In the records below, find the line that contains "Dark gray standing" and the line that contains "Flat angled shot". Set down exactly those lines and every line between them, and nothing more.

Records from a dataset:

▬▬▬

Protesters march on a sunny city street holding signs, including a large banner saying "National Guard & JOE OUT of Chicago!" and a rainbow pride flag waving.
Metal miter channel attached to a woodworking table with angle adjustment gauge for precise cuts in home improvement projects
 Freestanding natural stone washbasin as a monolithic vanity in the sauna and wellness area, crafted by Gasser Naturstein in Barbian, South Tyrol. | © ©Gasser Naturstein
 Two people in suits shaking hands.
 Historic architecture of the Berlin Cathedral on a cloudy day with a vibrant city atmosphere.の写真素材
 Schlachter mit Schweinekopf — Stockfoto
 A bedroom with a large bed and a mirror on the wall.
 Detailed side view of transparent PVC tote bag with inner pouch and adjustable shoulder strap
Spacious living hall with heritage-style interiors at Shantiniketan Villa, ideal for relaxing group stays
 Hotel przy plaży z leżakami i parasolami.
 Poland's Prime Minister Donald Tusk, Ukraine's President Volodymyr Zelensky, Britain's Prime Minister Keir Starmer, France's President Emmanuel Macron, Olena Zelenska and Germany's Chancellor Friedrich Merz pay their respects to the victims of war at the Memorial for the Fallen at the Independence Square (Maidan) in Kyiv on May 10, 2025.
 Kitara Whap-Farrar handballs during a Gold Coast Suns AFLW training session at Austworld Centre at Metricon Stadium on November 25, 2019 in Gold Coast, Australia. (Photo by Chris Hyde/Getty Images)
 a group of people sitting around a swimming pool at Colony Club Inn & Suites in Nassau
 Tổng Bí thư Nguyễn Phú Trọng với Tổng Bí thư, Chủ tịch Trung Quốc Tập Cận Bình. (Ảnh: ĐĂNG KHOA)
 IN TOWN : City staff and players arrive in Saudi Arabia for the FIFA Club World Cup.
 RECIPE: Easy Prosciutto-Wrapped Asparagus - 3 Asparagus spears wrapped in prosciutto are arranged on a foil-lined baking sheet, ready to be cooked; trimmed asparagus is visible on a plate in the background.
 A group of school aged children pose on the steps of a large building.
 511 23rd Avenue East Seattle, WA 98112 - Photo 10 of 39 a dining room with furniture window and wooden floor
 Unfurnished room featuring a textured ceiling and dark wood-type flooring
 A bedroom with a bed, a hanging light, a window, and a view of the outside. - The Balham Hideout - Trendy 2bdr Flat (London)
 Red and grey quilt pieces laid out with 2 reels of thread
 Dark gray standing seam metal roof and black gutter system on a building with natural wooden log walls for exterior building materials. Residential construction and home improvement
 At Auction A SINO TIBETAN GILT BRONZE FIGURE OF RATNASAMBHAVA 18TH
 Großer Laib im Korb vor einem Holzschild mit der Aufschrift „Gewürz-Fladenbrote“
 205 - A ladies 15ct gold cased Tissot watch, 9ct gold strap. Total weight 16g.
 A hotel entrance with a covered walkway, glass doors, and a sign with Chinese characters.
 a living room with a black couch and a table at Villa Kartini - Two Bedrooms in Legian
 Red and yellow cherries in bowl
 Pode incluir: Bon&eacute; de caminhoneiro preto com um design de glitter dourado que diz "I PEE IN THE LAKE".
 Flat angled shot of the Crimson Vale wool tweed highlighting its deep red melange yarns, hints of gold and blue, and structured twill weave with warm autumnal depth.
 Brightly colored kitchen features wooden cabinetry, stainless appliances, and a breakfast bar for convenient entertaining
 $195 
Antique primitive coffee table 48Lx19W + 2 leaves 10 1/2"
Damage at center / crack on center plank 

▬▬▬

Solution for this task:
 Dark gray standing seam metal roof and black gutter system on a building with natural wooden log walls for exterior building materials. Residential construction and home improvement
 At Auction A SINO TIBETAN GILT BRONZE FIGURE OF RATNASAMBHAVA 18TH
 Großer Laib im Korb vor einem Holzschild mit der Aufschrift „Gewürz-Fladenbrote“
 205 - A ladies 15ct gold cased Tissot watch, 9ct gold strap. Total weight 16g.
 A hotel entrance with a covered walkway, glass doors, and a sign with Chinese characters.
 a living room with a black couch and a table at Villa Kartini - Two Bedrooms in Legian
 Red and yellow cherries in bowl
 Pode incluir: Bon&eacute; de caminhoneiro preto com um design de glitter dourado que diz "I PEE IN THE LAKE".
 Flat angled shot of the Crimson Vale wool tweed highlighting its deep red melange yarns, hints of gold and blue, and structured twill weave with warm autumnal depth.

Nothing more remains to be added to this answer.